Exercise directions:
Make an exact copy of all the records that follow, apart from the pictures.

(Records from a data collection)
☆ ☆ ☆ ☆
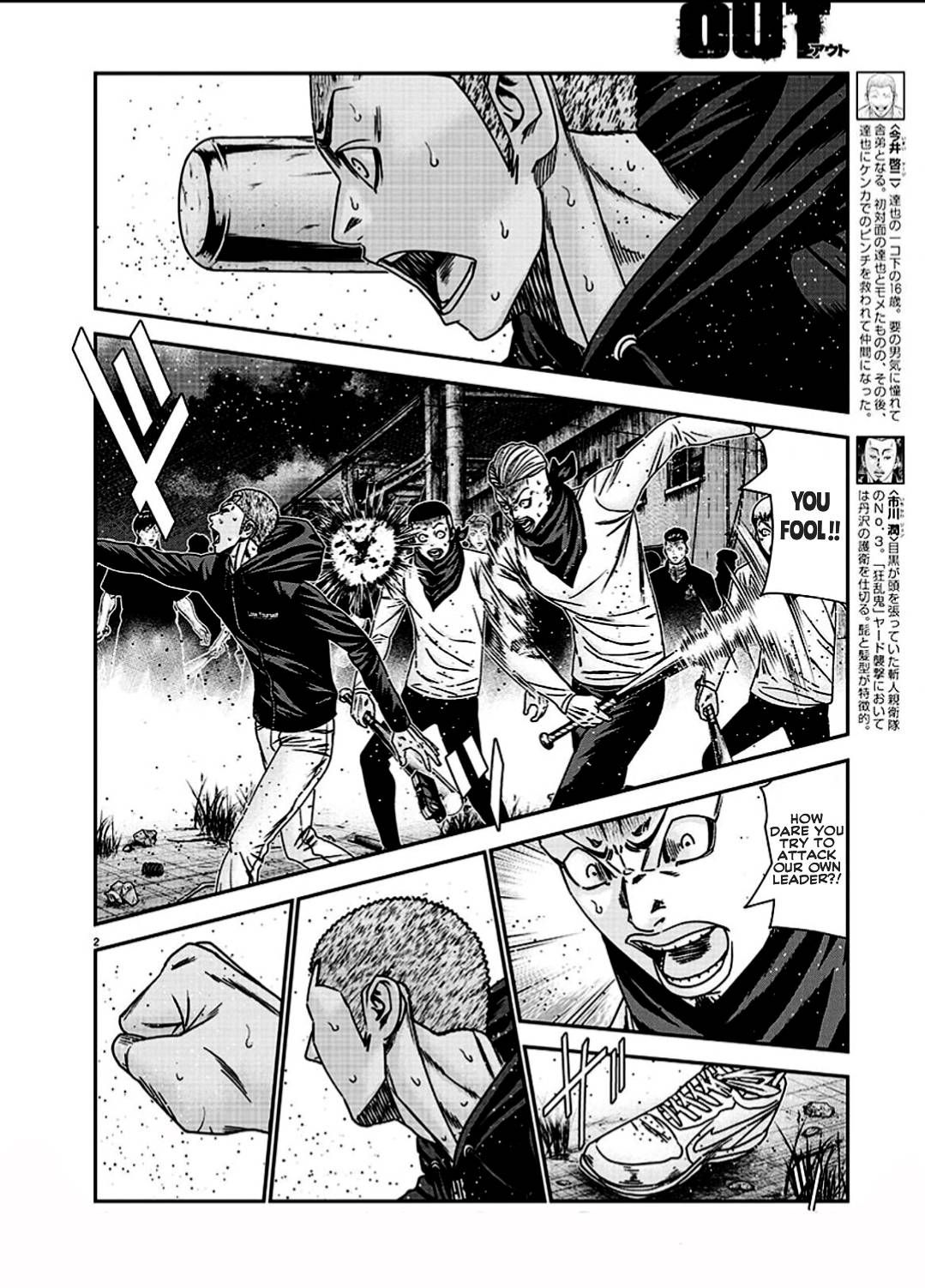 Page 3 of Chapter 212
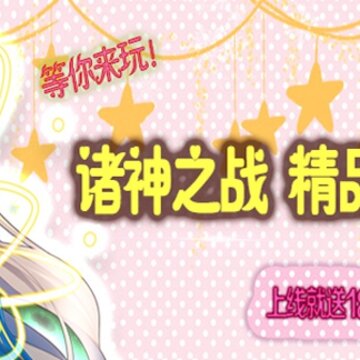 诸神奥德赛私服 诸神奥德赛私服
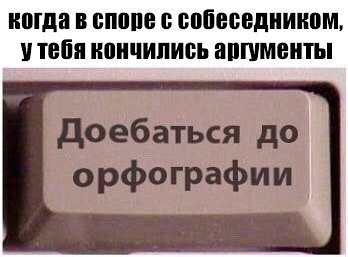 МИДИ В ШШШ В ЩШВВБДИШШМ тебя ШЧИПИШ1 ЯПШМЩПЫ доебаться до орфографии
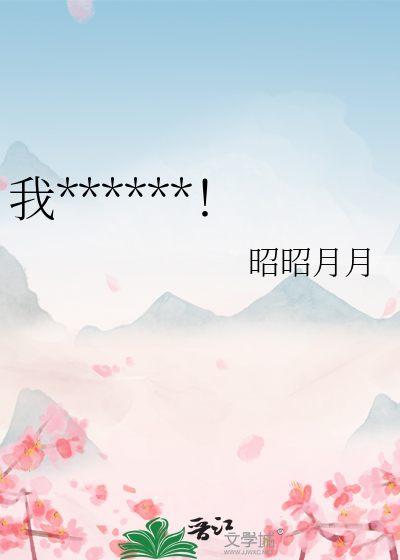 我不想当女主角很久了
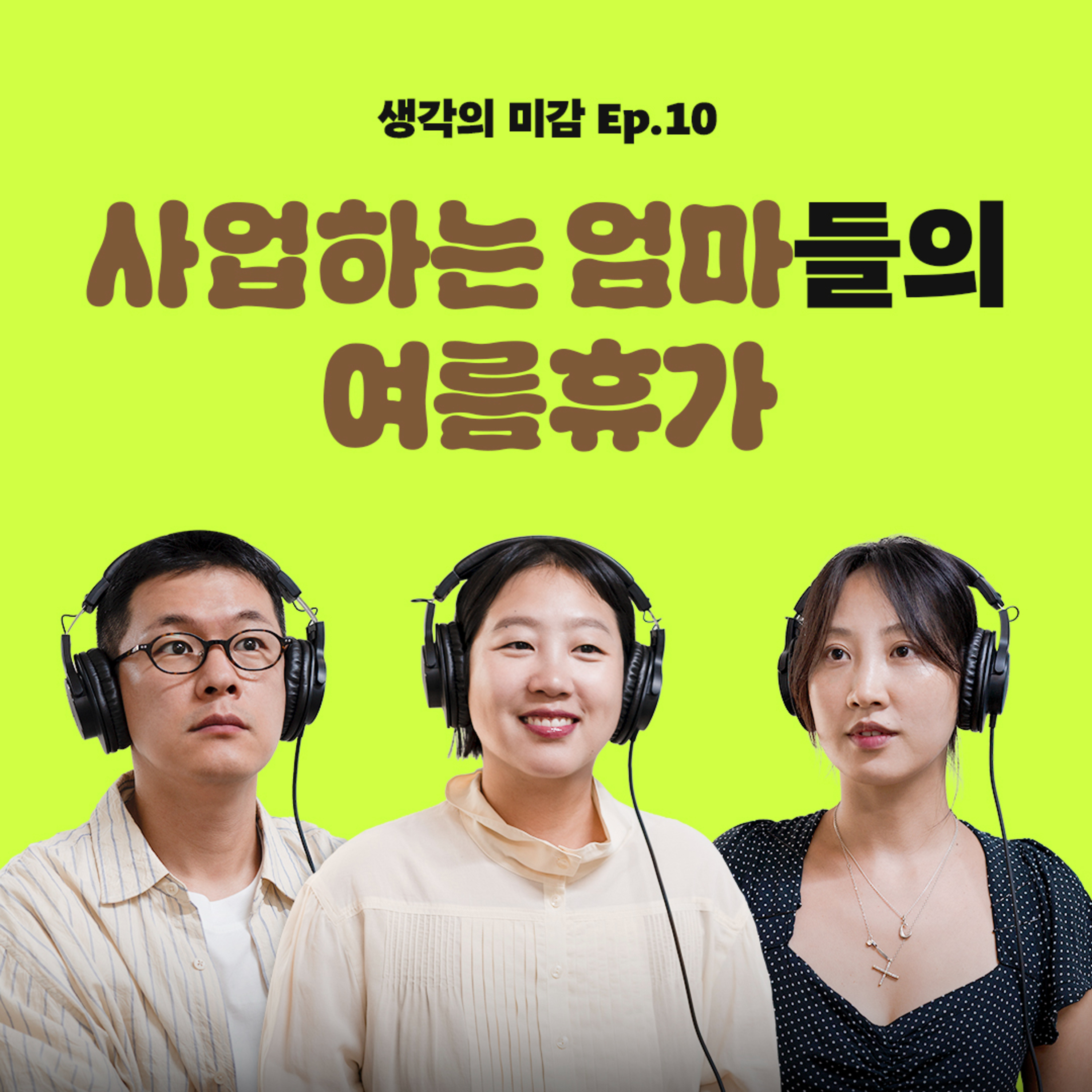 10 사업하는 엄마들의 여름휴가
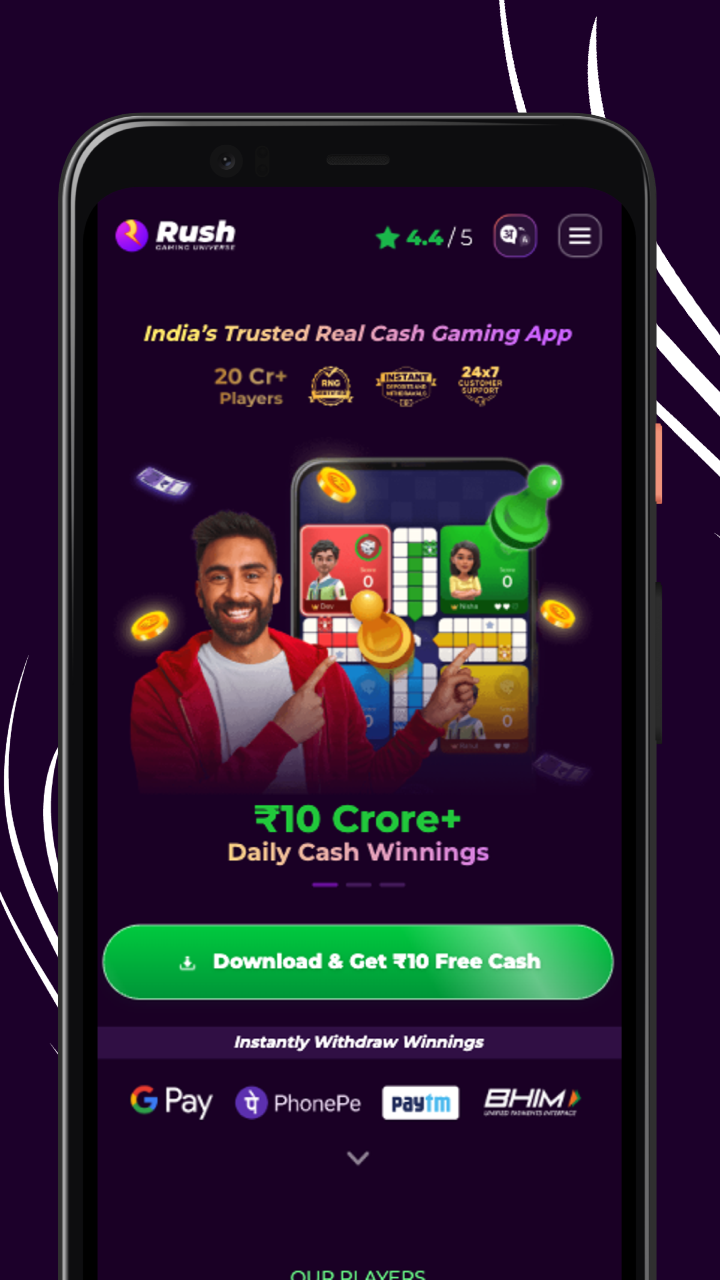 Rush - Ludo Screenshot4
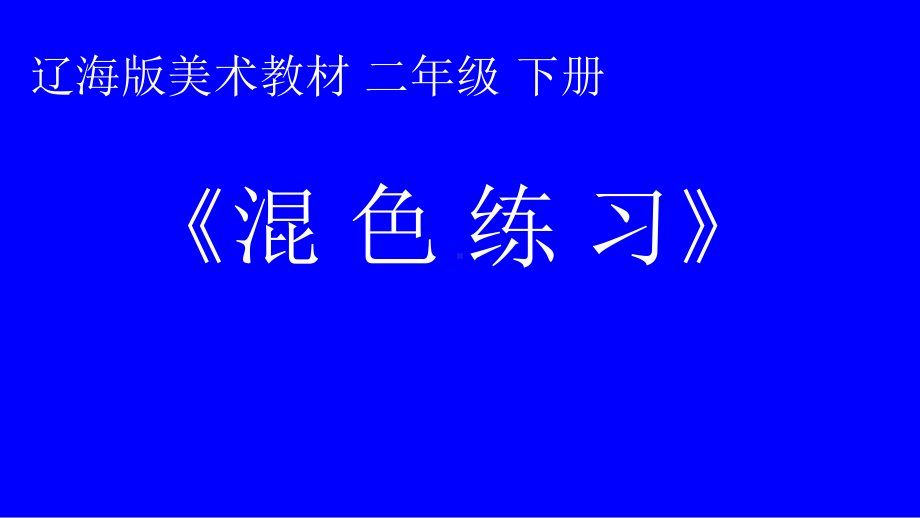 第2课 混色练习 ppt课件-2023新辽海版二年级下册《美术》.pptx_第1页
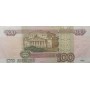 100 рублей 1997(2004) оС 0744441 красивый номер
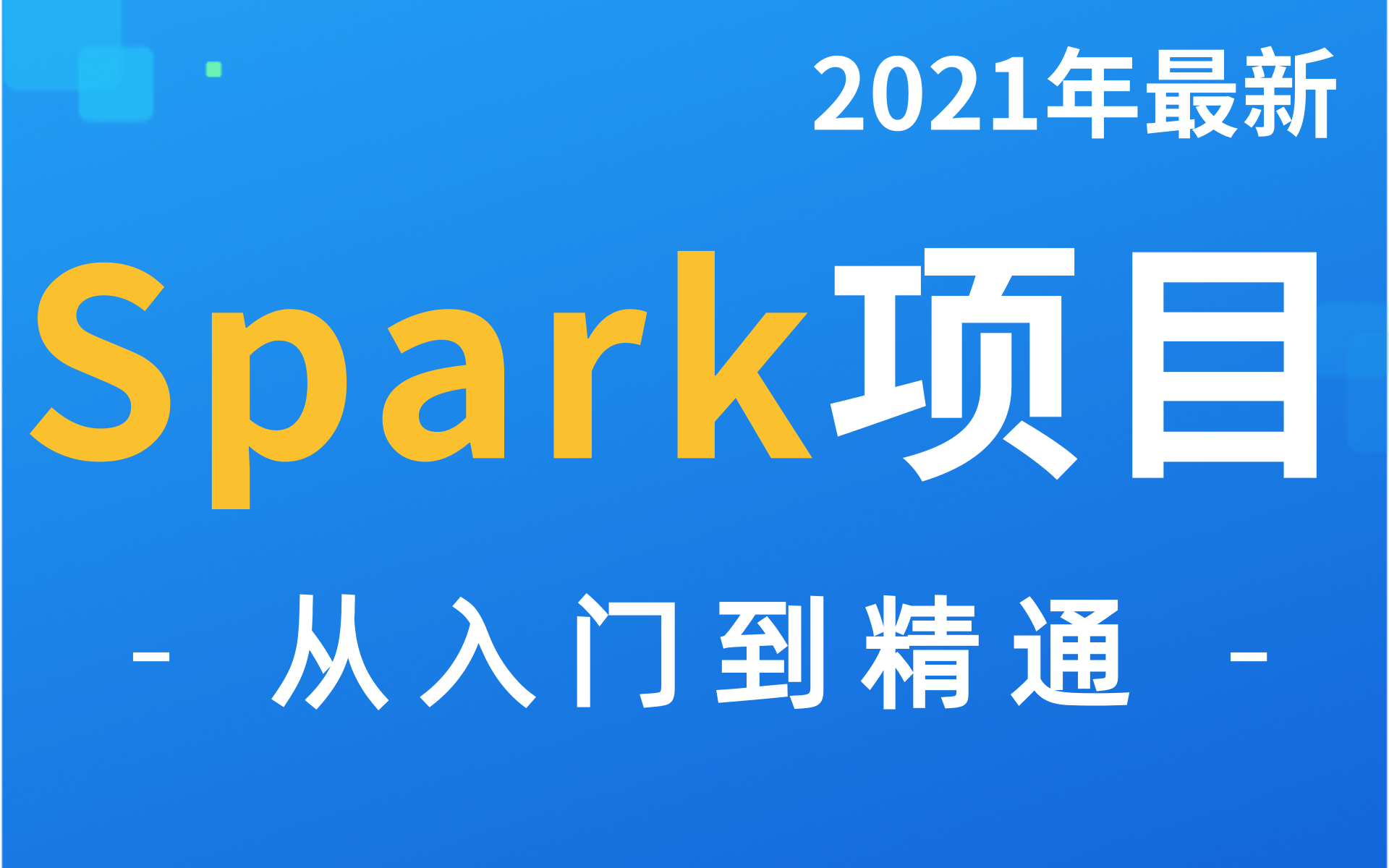 [图]【2021年最新完整版spark视频教学】B站最详细的大数据技术spark3.0教程-大规模数据处理而设计的快速通用的计算机引擎-学大数据必学-零基础入门到精通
☆ ☆ ☆ ☆
Exercise result:
 Page 3 of Chapter 212
 诸神奥德赛私服 诸神奥德赛私服
 МИДИ В ШШШ В ЩШВВБДИШШМ тебя ШЧИПИШ1 ЯПШМЩПЫ доебаться до орфографии
 我不想当女主角很久了
 10 사업하는 엄마들의 여름휴가
 Rush - Ludo Screenshot4
 第2课 混色练习 ppt课件-2023新辽海版二年级下册《美术》.pptx_第1页
 100 рублей 1997(2004) оС 0744441 красивый номер
 [图]【2021年最新完整版spark视频教学】B站最详细的大数据技术spark3.0教程-大规模数据处理而设计的快速通用的计算机引擎-学大数据必学-零基础入门到精通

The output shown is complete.